Mi amante me recogía en
su coche a la salida del trabajo. Tenía los ojos pequeños y negros
como canicas. Con esos ojos me recordaba a una hiena. Era
alto, más bien largo, de hombros escurridos y labios casi
inexistentes. Cuando besaba su lengua parecía una tuerca
enroscándose a la fuerza.
No fui diligente al
elegir a mi amante. Realmente no lo he sido para muchas cosas en mi
vida, para esta tampoco lo fui. Puede que simplemente él me eligiera
a mí y yo me dejara llevar. Nunca había tenido un amante y no creo
que vuelva a tenerlo. Por eso me fastidia más mi falta de
diligencia.
Él tenía diez años más
que yo, que por entonces no llegaba a los treinta. Ahora que ha
pasado el tiempo puede que haya llegado a comprender algunas cosas de
él, de cómo se relacionaba conmigo, de lo que me contaba.
Nos veíamos con
frecuencia pactada. En algún lugar seguro, discreto. Recuerdo que
una vez mi amante, después de recogerme puntual como siempre,
condujo hasta el final de una calle oscura, en un polígono, y un
poco nervioso me pidió que se la chupara. Casi me lo rogó. Sabía
cuál era nuestro trato. Creo que trataba de forzarlo, tentar los
límites, como los niños. Eso fue al principio.
No sé si él tenía
otras amantes, no supe con certeza si yo era la única. Por un lado
me parece improbable, dado su gusto por las mujeres. Pero luego me
vienen los recuerdos de muchos encuentros fallidos y no veo cómo
podía tener a más, complacer a más, no sólo por la escasez de
momentos propicios, sino por su propia impericia. Cuando fallaba se
tumbaba con un gruñido, tras susurrarme alguna excusa al oído, como
si eso fuera a cambiar las cosas. Otra vez como un niño pequeño. No
sé si habrá solucionado sus problemas. Cuando fallaba, yo le
ofrecía un cigarro y abría el minibar. Me sentía irritada.

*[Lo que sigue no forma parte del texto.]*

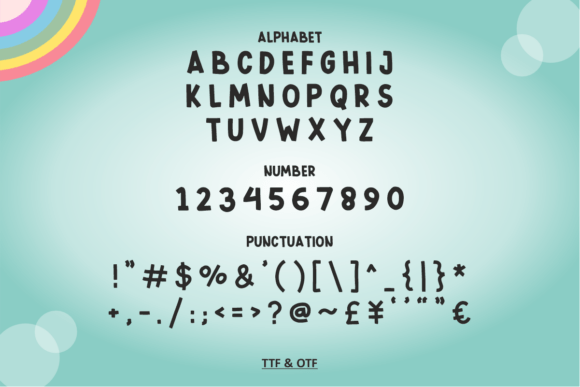 Smarty Doodle Font PNG with transparent background - Preview 3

Defraudada. Como si el ridículo fuera algo que se contagiara, que se
extendiera como una mancha a quien estuviera cerca. Le reprochaba en
silencio su avaricia. ¿Cómo se podía exponer a esto? Su mujer
sería más comprensiva.
Puede parecer extraño,
pero casi siempre hablaba de su mujer. Tenían dos hijas pequeñas.
Yo procuraba pensar en otras cosas mientras un sabor agrio me iba
subiendo por la garganta y anulaba por completo mi presencia sexual.
Tenía que taparme, ir al baño, hacer cualquier cosa que quitara de
en medio mi cuerpo desnudo, inapropiado, traicionado por la trivialidad. A veces yo también hablaba. De nadie en
concreto. Nunca mencionaba a mi marido. Comía los cacahuetes y bebía
ginebra. Y él volvía a hablar y me miraba con esos ojos de canica,
girando, chocando con un chasquido seco.
Ahora suelo pasar por la
calle donde está el hotel que frecuentábamos. Miro hacia las
ventanas, que no se podían abrir más que una rendija.
No he olvidado aún el estampado de la colcha. Algunas veces no llegábamos
a abrirla. Mi amante me tumbaba sobre ella y me lo hacía rápido, muy excitado,
escarbando en mi sujetador, toda su energía infiel acumulada en sus
labios de navaja. A mí también me excitaba, llegaba al orgasmo con
facilidad, un orgasmo individual, lacerante. La calle tiene mucho
tráfico, no hay árboles.
Un día simplemente le
dije que ya no nos encontraríamos más. No me costó. Fue una
resolución natural, fisiológica. Él se resistió un poco. Me
sorprendieron algunas de sus palabras, creo que hasta llegó a decir que me
amaba. Me vino a buscar un par de días más al trabajo y lo dejó
estar. No hubo una tercera vez que tuviera que pasar de largo, su
cara estrecha y decepcionada tras el cristal.